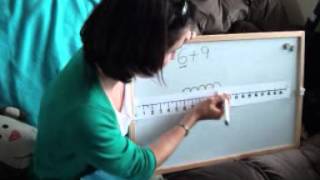 Addition on a number line from 0-20 ( using 1 digit numbers )
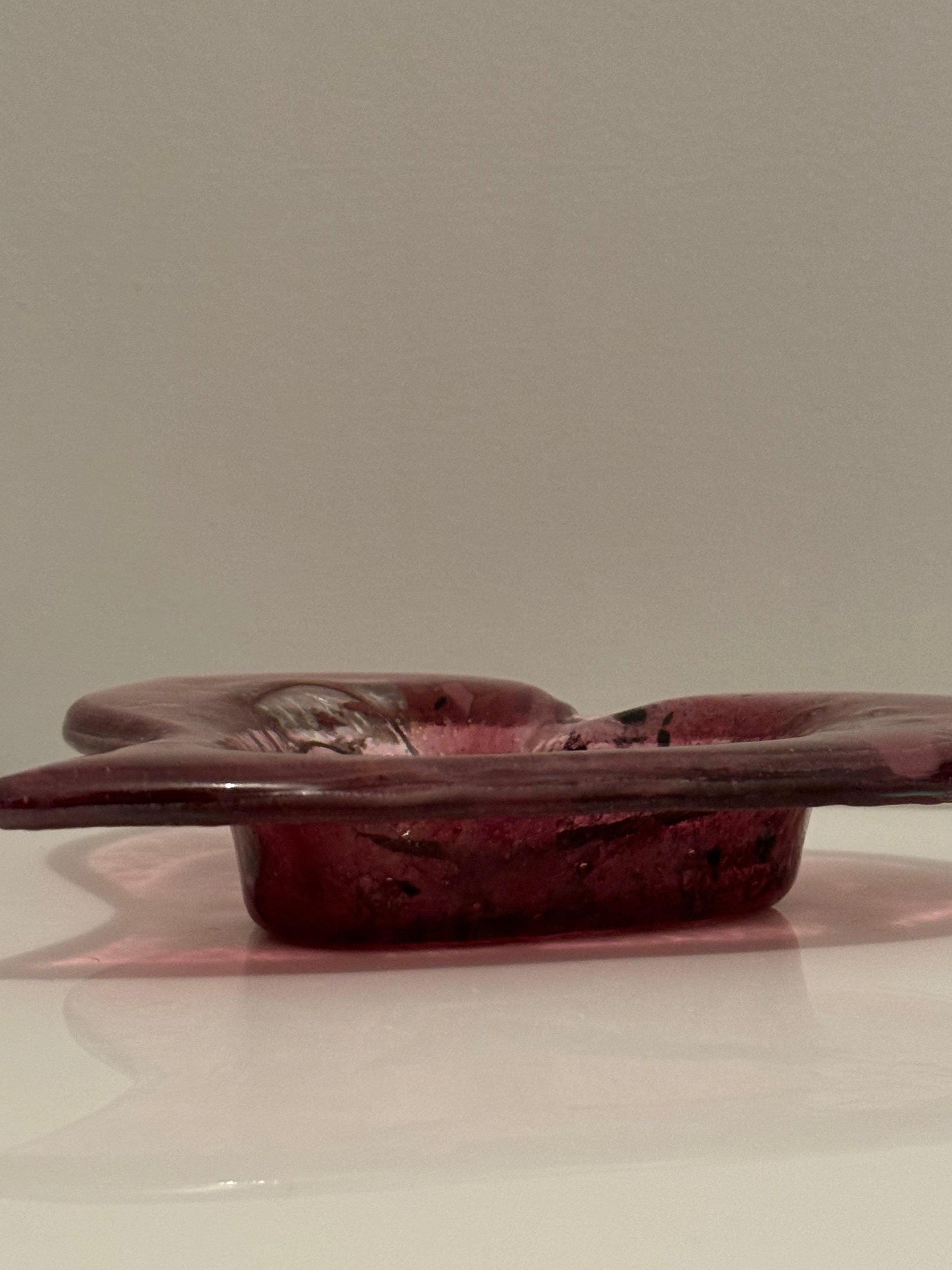 Rose & Platinum Heart Tealight Dish
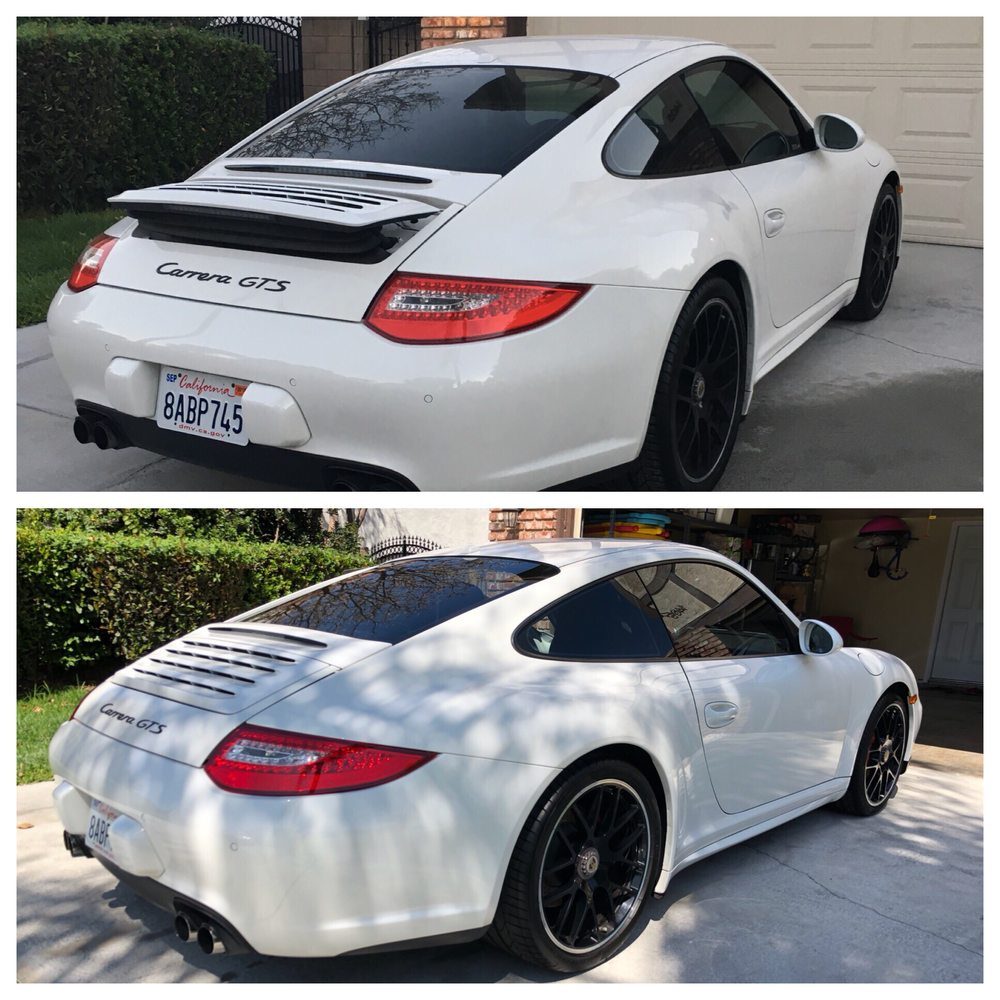 White Porsche 911 with a protected, glossy finish
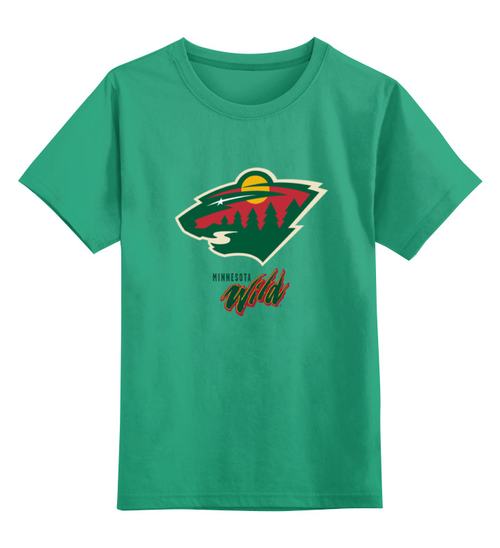 Заказать детскую футболку в Москве. Детская футболка классическая унисекс Minnesota Wild / NHL USA от KinoArt - готовые дизайны и нанесение принтов.
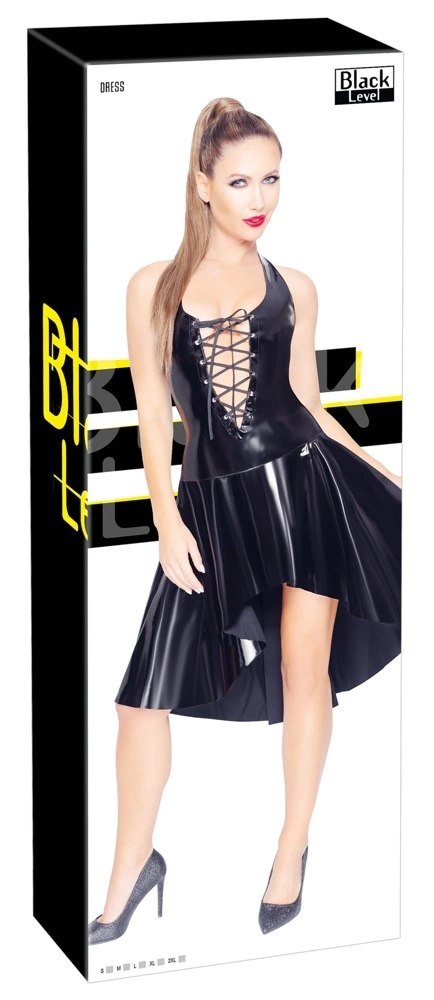 Black Level Sukienka Vinyl Wiązana Dekolt V Czarna Rozkloszowana M Black Level Sukienka Vinyl Wiązana Dekolt V Czarna Rozkloszowana M
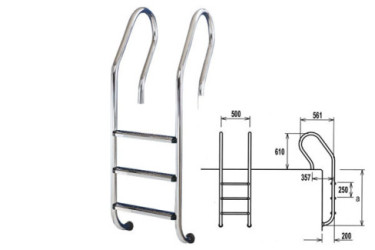 ESCALERA PISCINA ACERO MX A-304 E.N. 4 PELDAÑOS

━━━━━━━━━━

Problem description | In the records above, find the line that contains "Заказать детскую футболку", then write it out along with every line after it, exactly, through the last one. Leave the pictures out.

Written solution |
 Заказать детскую футболку в Москве. Детская футболка классическая унисекс Minnesota Wild / NHL USA от KinoArt - готовые дизайны и нанесение принтов.
 Black Level Sukienka Vinyl Wiązana Dekolt V Czarna Rozkloszowana M Black Level Sukienka Vinyl Wiązana Dekolt V Czarna Rozkloszowana M
 ESCALERA PISCINA ACERO MX A-304 E.N. 4 PELDAÑOS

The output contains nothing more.